Ile w tym prawdy, któż raczy wiedzieć? Są na szczęście ludzie,
którzy próbują przybliżyć prawdę o morskich bandytach. Taką
osobą jest na przykład twórca strony "Piraci,
bukanierzy i korsarze". Autor z góry uprzedza, że
piractwo jest w jego ujęciu zagadnieniem wyłącznie historycznym,
nie zajmuje się współczesnymi przedstawicielami tego niecnego
fachu.
Pierwsze zetknięcie ze stroną pozwoliło mi wreszcie pojąć,
w czym tkwi różnica między piractwem a korsarstwem. Tymi drugimi
dżentelmenami byli marynarze, którzy działali "na własny
rachunek", ale z upoważnienia jakiegoś państwa. Jako
żywo przypomina to proceder wynajmowania najemników. Autor
przybliża też nieco historię bukanierów - czyli rzezimieszków,
którzy w XVII wieku łupili statki poruszające się po Karaibach.
W przystępny sposób wyjaśniane są też inne zagadnienia wiążące
się z marynistyką. Można też znaleźć biografie najsłynniejszych
piratów. Niektóre są fascynujące. Z lektury dowiedziałem się
między innymi, że słynnymi piratami były również kobiety.
I tak na przykład niejaka Mary Read została schwytana i skazana
przez Brytyjczyków na śmierć. By uniknąć stryczka kobieta
zaszła w ciążę. Prawo nie pozwalało na egzekucję ciężarnych.

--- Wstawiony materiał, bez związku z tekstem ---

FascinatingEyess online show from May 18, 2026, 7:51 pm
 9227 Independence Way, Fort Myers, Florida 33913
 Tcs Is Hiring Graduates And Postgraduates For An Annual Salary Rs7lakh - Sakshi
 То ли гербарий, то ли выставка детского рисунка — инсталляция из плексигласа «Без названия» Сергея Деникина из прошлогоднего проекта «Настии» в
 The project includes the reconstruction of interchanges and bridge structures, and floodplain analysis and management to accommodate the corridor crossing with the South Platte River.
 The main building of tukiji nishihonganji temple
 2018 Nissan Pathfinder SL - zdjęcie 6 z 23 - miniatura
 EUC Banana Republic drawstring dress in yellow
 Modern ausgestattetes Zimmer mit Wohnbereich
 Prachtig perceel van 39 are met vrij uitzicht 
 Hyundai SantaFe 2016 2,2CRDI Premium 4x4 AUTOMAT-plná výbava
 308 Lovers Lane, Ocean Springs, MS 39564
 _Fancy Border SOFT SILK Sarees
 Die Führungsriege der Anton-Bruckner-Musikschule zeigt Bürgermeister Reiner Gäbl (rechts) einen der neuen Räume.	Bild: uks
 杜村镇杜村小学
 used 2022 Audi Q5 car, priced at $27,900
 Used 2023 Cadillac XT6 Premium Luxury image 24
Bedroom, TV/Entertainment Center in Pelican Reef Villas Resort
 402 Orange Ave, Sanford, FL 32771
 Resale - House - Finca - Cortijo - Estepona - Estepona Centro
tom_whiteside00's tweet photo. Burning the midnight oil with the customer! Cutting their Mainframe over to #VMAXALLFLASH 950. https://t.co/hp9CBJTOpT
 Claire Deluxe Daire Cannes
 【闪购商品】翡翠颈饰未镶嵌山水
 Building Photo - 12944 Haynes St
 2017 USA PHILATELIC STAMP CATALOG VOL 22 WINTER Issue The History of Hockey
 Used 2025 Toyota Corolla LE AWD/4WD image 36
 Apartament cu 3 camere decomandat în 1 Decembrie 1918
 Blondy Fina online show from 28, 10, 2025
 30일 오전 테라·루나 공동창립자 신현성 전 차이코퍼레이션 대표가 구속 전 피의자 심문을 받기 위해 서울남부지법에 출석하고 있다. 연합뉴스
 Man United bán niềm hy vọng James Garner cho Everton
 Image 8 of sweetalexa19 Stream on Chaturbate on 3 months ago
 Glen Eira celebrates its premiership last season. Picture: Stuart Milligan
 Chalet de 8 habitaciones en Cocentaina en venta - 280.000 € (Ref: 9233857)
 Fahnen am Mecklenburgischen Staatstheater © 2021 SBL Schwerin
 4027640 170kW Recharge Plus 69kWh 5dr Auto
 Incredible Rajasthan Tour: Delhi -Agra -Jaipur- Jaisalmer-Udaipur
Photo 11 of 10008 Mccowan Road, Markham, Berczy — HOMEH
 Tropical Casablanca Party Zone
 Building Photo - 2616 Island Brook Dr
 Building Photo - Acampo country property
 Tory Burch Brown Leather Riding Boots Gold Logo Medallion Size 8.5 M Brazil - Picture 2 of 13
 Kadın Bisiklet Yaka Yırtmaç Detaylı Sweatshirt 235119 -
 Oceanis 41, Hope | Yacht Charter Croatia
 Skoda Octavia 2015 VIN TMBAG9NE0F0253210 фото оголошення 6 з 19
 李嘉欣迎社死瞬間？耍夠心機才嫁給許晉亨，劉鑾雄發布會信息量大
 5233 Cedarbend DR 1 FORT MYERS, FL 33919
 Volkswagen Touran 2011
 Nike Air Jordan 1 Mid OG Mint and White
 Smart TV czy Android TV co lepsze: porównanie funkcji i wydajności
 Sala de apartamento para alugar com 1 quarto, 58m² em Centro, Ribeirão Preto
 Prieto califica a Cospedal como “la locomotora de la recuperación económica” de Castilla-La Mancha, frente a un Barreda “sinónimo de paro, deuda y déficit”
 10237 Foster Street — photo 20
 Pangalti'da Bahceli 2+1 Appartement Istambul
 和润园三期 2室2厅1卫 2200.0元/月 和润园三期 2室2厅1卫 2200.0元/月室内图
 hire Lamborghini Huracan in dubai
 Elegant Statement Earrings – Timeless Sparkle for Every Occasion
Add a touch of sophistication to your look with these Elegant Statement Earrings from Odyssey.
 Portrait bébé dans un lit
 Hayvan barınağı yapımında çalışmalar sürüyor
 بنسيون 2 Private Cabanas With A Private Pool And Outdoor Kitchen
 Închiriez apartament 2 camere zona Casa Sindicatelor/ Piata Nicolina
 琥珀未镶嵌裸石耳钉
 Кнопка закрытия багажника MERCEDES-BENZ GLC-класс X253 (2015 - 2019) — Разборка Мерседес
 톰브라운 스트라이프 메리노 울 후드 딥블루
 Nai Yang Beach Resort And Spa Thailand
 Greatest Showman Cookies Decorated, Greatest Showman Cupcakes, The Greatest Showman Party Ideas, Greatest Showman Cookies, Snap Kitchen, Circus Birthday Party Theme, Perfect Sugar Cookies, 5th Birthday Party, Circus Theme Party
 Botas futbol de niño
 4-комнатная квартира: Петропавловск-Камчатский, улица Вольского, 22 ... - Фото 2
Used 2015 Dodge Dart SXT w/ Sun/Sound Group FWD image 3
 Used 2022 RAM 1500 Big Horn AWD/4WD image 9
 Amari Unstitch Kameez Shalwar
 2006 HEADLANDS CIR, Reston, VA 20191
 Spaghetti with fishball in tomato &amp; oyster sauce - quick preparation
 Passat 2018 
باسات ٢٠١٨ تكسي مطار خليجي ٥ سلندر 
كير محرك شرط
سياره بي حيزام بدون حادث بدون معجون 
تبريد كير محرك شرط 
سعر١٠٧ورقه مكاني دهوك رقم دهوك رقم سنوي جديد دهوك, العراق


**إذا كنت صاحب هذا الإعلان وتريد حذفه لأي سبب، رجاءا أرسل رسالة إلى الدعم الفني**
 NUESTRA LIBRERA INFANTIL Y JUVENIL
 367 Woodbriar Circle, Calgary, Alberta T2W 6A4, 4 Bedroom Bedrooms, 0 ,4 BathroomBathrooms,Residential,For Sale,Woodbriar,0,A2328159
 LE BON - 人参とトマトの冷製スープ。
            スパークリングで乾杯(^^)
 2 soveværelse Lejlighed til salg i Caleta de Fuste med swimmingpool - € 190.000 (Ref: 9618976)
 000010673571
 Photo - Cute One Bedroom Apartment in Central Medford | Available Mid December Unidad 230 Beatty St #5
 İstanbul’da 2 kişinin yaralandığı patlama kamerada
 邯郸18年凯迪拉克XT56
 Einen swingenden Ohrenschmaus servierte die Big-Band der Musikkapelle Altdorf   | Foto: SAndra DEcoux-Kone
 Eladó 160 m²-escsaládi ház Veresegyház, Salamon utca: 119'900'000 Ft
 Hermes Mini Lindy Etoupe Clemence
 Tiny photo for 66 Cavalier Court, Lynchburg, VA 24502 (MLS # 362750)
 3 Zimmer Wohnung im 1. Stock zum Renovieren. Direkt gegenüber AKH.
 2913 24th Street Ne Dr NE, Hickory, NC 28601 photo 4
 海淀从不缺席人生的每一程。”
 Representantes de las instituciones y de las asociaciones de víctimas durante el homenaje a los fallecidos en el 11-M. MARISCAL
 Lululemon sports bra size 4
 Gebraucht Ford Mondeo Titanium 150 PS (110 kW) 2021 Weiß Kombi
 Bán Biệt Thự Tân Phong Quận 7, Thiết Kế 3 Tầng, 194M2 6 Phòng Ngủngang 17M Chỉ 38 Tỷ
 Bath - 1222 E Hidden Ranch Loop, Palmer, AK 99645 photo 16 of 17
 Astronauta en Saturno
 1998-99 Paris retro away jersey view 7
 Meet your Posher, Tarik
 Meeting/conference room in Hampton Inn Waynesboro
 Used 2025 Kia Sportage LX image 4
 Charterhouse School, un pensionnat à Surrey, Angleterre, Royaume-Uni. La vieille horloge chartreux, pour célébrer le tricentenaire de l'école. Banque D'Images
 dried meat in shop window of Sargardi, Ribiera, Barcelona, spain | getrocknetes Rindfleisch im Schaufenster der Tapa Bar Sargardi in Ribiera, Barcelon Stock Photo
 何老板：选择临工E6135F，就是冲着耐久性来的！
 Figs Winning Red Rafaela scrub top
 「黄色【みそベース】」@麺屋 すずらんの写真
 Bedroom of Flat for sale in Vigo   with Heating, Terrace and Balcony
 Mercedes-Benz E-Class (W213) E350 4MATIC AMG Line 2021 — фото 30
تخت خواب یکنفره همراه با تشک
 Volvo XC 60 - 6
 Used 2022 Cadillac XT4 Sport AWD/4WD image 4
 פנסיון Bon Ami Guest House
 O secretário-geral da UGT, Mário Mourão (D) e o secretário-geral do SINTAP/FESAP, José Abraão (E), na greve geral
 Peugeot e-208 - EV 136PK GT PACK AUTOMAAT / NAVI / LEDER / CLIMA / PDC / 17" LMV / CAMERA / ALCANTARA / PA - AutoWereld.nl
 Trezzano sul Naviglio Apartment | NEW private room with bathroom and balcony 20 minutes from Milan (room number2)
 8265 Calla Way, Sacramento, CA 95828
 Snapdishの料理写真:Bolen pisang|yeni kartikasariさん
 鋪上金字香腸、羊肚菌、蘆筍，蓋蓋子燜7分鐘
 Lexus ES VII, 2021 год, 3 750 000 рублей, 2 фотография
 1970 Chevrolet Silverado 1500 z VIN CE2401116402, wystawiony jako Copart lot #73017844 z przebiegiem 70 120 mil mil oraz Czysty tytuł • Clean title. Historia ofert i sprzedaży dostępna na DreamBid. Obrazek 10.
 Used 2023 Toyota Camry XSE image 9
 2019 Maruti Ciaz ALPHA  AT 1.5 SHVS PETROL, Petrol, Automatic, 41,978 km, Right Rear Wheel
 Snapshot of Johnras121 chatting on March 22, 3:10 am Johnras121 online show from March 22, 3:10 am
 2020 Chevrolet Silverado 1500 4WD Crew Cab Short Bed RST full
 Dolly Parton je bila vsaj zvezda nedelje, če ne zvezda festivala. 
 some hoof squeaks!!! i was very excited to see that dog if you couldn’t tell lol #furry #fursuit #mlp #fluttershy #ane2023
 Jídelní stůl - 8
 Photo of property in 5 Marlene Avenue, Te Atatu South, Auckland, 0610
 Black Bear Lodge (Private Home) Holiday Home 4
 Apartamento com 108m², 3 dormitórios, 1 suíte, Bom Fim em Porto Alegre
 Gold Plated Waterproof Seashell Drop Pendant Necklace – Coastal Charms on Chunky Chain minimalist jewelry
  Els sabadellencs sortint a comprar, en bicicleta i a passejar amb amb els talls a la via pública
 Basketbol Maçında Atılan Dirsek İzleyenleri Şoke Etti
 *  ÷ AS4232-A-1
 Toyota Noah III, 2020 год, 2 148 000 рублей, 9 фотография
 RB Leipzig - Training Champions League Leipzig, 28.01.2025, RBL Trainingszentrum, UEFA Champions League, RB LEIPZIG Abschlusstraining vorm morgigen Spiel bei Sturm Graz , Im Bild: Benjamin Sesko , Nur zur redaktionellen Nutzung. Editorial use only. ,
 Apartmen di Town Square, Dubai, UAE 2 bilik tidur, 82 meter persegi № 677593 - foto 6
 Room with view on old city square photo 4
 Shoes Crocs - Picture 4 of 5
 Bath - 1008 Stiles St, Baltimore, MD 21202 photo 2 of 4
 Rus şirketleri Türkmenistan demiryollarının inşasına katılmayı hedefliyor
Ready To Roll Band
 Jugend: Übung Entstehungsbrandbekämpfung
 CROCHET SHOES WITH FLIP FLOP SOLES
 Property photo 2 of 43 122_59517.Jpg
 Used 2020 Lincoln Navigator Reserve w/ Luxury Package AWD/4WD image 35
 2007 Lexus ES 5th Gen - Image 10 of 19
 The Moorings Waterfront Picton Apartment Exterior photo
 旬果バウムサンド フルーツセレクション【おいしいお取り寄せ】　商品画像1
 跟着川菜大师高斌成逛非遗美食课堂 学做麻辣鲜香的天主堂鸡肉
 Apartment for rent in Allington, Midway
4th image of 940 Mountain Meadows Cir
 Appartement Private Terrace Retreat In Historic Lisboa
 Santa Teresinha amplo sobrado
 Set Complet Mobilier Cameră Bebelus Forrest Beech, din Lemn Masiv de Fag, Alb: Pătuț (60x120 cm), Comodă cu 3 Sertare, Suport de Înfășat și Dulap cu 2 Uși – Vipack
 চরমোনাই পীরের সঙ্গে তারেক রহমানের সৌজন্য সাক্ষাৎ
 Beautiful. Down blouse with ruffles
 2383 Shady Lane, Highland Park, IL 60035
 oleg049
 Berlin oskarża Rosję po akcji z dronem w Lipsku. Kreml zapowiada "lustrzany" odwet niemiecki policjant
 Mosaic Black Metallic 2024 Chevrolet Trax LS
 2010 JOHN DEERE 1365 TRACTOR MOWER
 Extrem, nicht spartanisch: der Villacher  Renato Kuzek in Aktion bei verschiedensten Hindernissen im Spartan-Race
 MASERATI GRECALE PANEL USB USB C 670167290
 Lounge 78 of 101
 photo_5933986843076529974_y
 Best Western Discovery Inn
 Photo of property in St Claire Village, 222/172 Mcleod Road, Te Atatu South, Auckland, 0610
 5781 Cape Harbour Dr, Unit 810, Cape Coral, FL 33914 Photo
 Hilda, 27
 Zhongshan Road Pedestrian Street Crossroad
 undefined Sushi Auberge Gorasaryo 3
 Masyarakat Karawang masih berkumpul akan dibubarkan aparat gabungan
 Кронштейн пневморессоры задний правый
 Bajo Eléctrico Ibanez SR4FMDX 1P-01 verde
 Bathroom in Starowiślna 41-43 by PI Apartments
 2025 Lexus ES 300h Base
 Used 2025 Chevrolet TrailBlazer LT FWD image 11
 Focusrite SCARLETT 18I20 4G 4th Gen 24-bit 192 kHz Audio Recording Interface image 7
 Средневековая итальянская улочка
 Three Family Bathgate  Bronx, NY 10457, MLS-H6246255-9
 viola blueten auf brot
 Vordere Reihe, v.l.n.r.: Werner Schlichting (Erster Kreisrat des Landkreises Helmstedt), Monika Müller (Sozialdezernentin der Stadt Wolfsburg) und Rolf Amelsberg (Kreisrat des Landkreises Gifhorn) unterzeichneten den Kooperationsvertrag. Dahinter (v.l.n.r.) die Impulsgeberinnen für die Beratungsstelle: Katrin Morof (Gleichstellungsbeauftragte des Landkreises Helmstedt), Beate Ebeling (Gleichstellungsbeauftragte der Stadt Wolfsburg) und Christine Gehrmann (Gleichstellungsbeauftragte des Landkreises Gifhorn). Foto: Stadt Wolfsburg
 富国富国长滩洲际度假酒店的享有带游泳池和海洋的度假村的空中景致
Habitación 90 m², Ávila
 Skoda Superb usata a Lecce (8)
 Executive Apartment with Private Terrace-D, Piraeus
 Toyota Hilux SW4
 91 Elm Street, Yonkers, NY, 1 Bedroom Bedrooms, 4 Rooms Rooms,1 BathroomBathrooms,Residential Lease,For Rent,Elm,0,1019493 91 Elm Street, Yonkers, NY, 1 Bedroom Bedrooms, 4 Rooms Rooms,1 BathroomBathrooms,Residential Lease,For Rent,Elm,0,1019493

Kobieta nie tylko ocaliła w ten sposób życie, ale też zyskała
wolność. Wyszła za mąż, urodziła jeszcze ośmioro dzieci, zmarła
w wieku około 80 lat. To się nazywa awanturnicze życie! Niestety
koledzy po fachu Mary Read kończyli swój żywot w dość makabrycznych
okolicznościach. Niejaki Calico Jack Rackham został powieszony,
a jego ciało zostało wystawione na widok publiczny w klatce
jako przestroga dla innych piratów.
Bardzo ciekawych informacji dostarcza dział poświęcony statkom,
z których korzystali piraci. Ze zdumieniem odkryłem, że wcale
nie były to tylko wielkie ciężkozbrojne jednostki. Popularnym
narzędziem były często najzwyklejsze... pirogi. Oczywiście
służyły wyłącznie do dokonywania abordażu statków, które płynęły
blisko brzegu.
Osobnym zagadnieniem, któremu autor strony poświęcił trochę
miejsca jest słynna bandera piracka. Jest też opis najbardziej
znanych gier komputerowych z piratami w roli głównej. "Piraci,
bukanierzy i korsarze" to strona w sam raz do wstępnego
zapoznania się z tematem morskich rozbójników. Kto wie, może
zrodzi się z tego życiowa fascynacja?